Macbeth, B
von Guiseppe Verdi (1813-1901)
Oper in vier Akten, Dichtung von Francesco Maria Piave und Andrea Maffei nach William Shakespeare, Uraufführung am 14.3.1847 in Florenz (1. Fassung) und am 21 4. 1865 in Paris (2. Fassung).

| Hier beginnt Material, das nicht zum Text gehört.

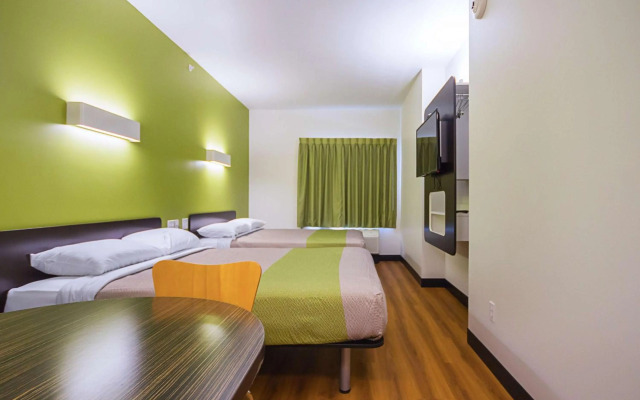 Motel 6 South Bend, IN - Mishawaka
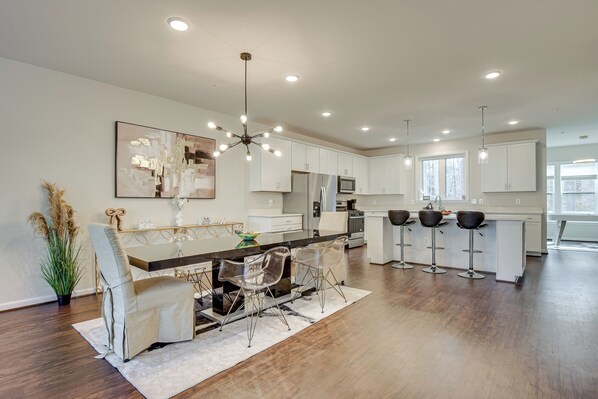 Dining - 19 Mi to Baltimore: Townhome in Maryland City (Maryland City)
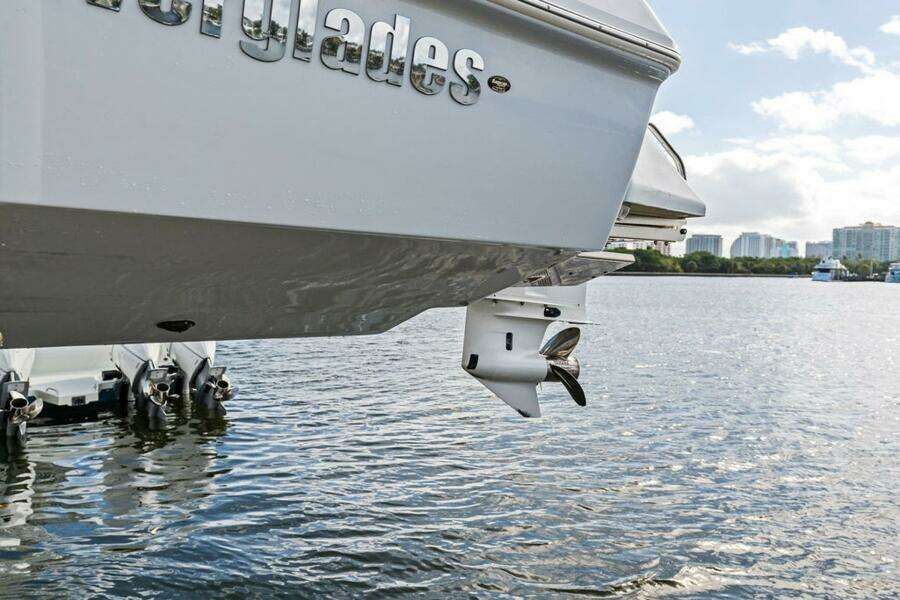 24ft Everglades Yacht For Sale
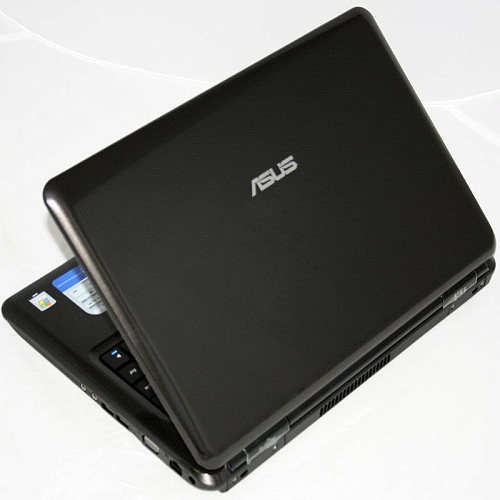 Ноутбук Asus K40AB AMD RM74/3G/250G/DVD/ATI 4570 512/14"HD/WiFi/Linux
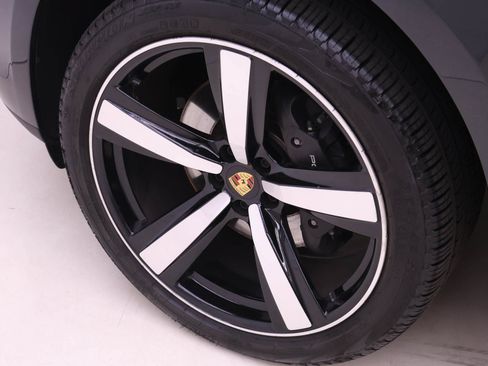 Used 2026 Porsche Macan AWD/4WD image 23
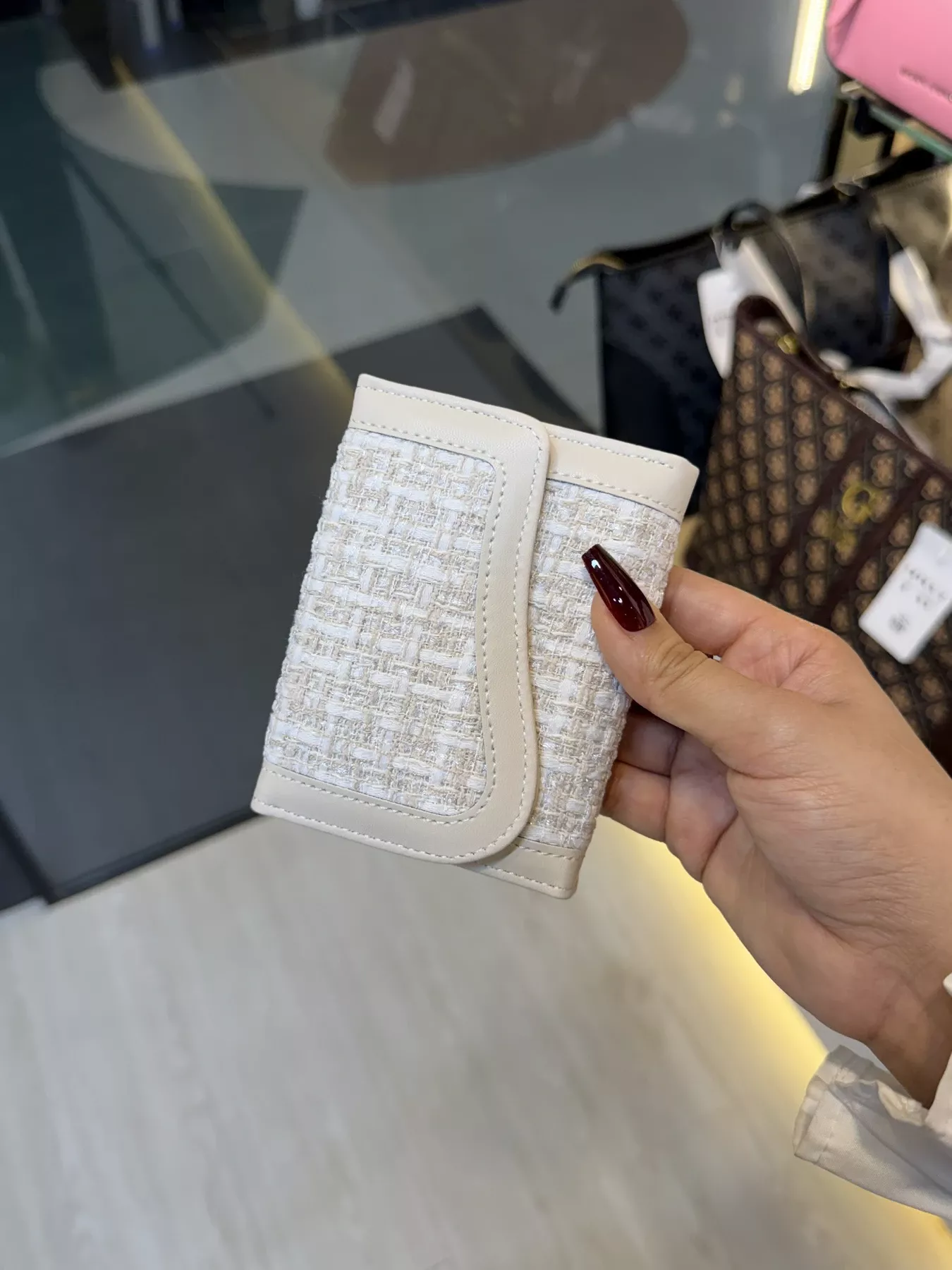 Elegant Ladies Wallet - WLT -  393 (Off-White)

Deutsche Oper Berlin, 2024
Musikalische Leitung: Enrique Mazzola, Regie und Video: Marie-Eve Signeyrole, Dramaturgie Louis Geisler, Konstantin Parnian, Spielleitung : Philine Tiezel und Silke Sense, Bühne: Fabien Teigné, Kostüme: Yashi, Licht-Design: Sascha Zauner, Video: Artis Dzerve, Chor: Jeremy Bines
Chor und Orchester und Statisterie der Deutschen Oper Berlin
Darsteller: Macbeth: Thomas Lehmann, Banquo: Marko Mimica, Kammerfrau und 2. Erscheinung: Nina Solodovnikova, Macduff: Andrei Danilov, Malcolm: Thomas Ciluffo, Ärzt, Mörder: Gerald Ferreras, Diener, Herold, 1.Erscheinung: Dean Murphiy, Oberhexe, Callgirl, Lady Macduff: Dana Marie Esch, Duncan, Kellner, Fotograf: Hagen Henning, Fleance: Emil Pyhrr, Hirschmann: Piere Emö, Live-Kamera: Kathrin Krottenthaler
Hexen hexen und Könige morden
Fluten rollen über die Video-Wand, Köpfe werden bald im Kampf um Throne bühnenreif auf mittelalterlichen englischen und schottischen Schlachtfeldern rollen – und auch in den Schlössern der adeligen dynastischen Familien. „Macbeth“ nicht zum ersten Mal auf den Berliner Spielplan, jetzt in der Deutschen Oper inszeniert von Marie-Eve Signeyrole, einer Regisseurin, die möglichst viele Ideen in diesem Opus unterbringen möchte, dass sich doch dank der Brillanz eines Verdi und seiner heutigen Darsteller auf der in nebeldurchzogene Dunkelheit und mit Stellwänden dekorierte Bühne eigentlich selbst genügt. Denn Orchester, Chor und Sänger sind prachtvoll, und es dürfte trotz kleinerer Beanstandungen nach langer Zeit wieder ein Highlight am Berliner Opernhimmel sein.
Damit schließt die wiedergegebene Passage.